You must also define what to use for increments. Good starting points are 1 for rank
and 50 for cost. Lower increments result in more fine-grained plots.

For y-axis, several different values elements can be defined. Each values element
results in a plotted graph representing the values the function returns. Possible
functions and their arguments are:

 average_cumulated_gain( proportion = 25, bottom = False )
 average_cumulated_gain_SD( factor = 1.0 )
 average_derived_gain( gainId, proportion = 25, bottom = False )
 average_derived_gain_SD( gainId, factor = 1.0 )
 average_cost( proportion = 25, bottom = False )
 average_cost_SD( factor = 1.0 )

7.3.4 Other default values

--- Example ---
  <page-size>5</page-size>
  <iterations>500</iterations>
--- Example ends ---

The page-size value is the default result page size.

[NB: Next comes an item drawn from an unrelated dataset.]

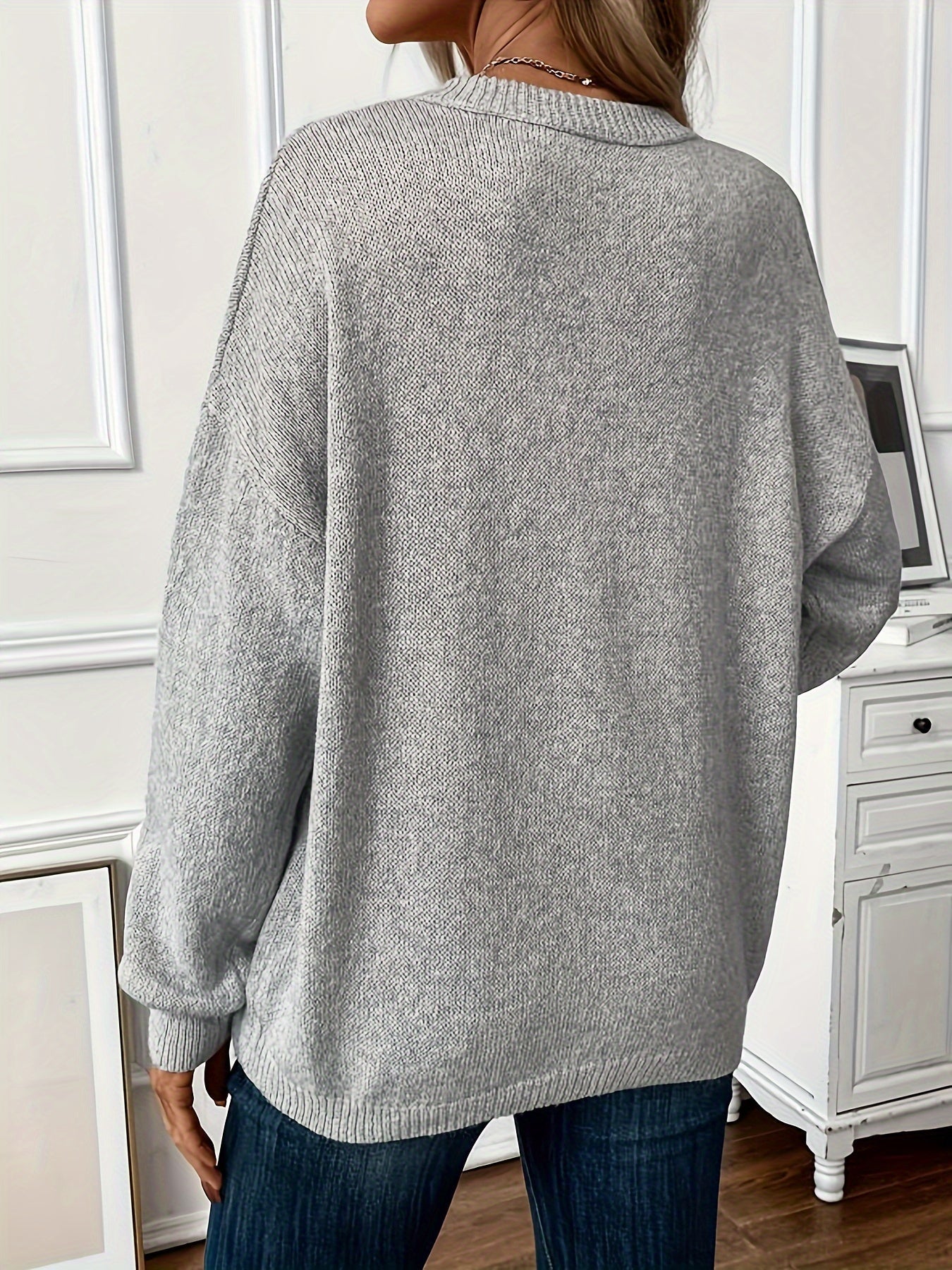 Einfarbiger Baumwoll-Pullover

The iterations value is the number of times the simulator
runs each session.

7.4 Options

--- Example ---
 <options>
  <ignore-missing-relevance-data>true</ignore-missing-relevance-data>
  <missing-relevance-level>0</missing-relevance-level>
  <show-seed>true</show-seed>
  <show-input-files>true</show-input-files>
  <random-seed>869903750</random-seed>
  <verbose-output>false</verbose-output>
 </options>
--- Example ends ---

The following options can be defined:

 ignore-missing-relevance-data (true/false)
   Ignore missing relevance data for a document, or raise error?

 missing-relevance-level (integer)
   What relevance level to assume for missing documents

 show-seed (true/false)
   Output the random seed, so that it can be used again later

 random-seed (integer)
   Random seed to use for the simulation. Using the same random
   seed produces the same results each time.

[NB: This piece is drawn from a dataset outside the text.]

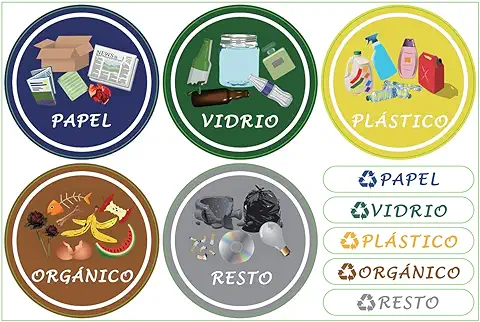 Pegatinas para el Reciclaje,6 Etiquetes Adhesives per al Reciclatge D'Escombraries, Adhesius per a la Gestió de Residus,Cadascuna Diámetro 9.8cm,Texto en Españo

 show-input-files (true/false)
   Output the input file names

 verbose-output (true/false)
   Print highly verbose data about the simulation to stdout

8. CALLBACKS

Callbacks are python functions that calculate values according
to the current and/or past simulation states. The files
section in the configuration file defines callback function
file locations for each different callback type. The callback
types are:

 Condition callbacks, for calculating conditions
 Cost callbacks, for calculating costs
 Decay callbacks, for calculating probability decay
 Derived gains callbacks, for calculating derived gains
 Gain callbacks, for calculating the main gain
 Trigger callbacks, for triggering internal simulator events

All callback functions receive the current simulation run as
an argument. Each callback function may also have other
arguments. See the pre-defined callback functions for
examples of that.

9. MORE EXAMPLES

LICENSE

Licensed under the MIT license. See the LICENSE file for details.